GW + Bethe-Salpeter equation

In this section, we discuss the basics for computing optical properties of molecules using the Bethe-Salpeter equation (BSE) in CP2K. The BSE enables the computation of electronic excitation energies and optical absorption spectra, for a review, see [Blase2018, Blase2020, Bruneval2015, Sander2015]. In this howto, we describe in Sec. 1 the theory and implementation of BSE, in Sec. 2 the BSE input keywords and in Sec. 3 a full CP2K input file of a BSE calculation and the corresponding output.

1. Theory and implementation of BSE

A central goal of a BSE calculation is to compute electronic excitation energies \(\Omega^{(n)}, n=1,2,\ldots\) (cf. Refs. [Blase2018, Blase2020] for more usecases and details).

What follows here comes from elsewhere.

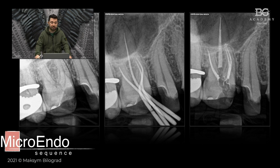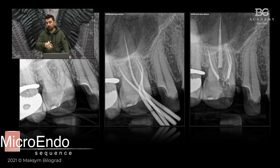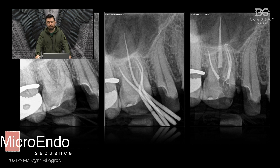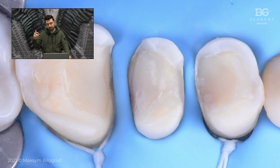Then I completed the endodontic treatment. The only thing I was not able to do was achieve patency to the distal apical side — there may have been a ledge. So we instrumented to the ledge, performed heavy irrigation, completed obturation, and we have follow-up of this tooth. Everything works perfectly.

The following ingredients are necessary for computing \(\Omega^{(n)}\):

  • Occupied Kohn-Sham (KS) orbitals \(\varphi_i(\mathbf{r})\) and empty KS orbitals \(\varphi_a(\mathbf{r})\) from a DFT calculation, where \(i=1,\ldots,N_\mathrm{occ}\) and \(a=N_\mathrm{occ}+1,\ldots,N_\mathrm{occ}+N_\mathrm{empty}\),

  • \(GW\) eigenvalues \(\varepsilon_i^{GW}\) and \(\varepsilon_a^{GW}\) of corresponding KS orbitals.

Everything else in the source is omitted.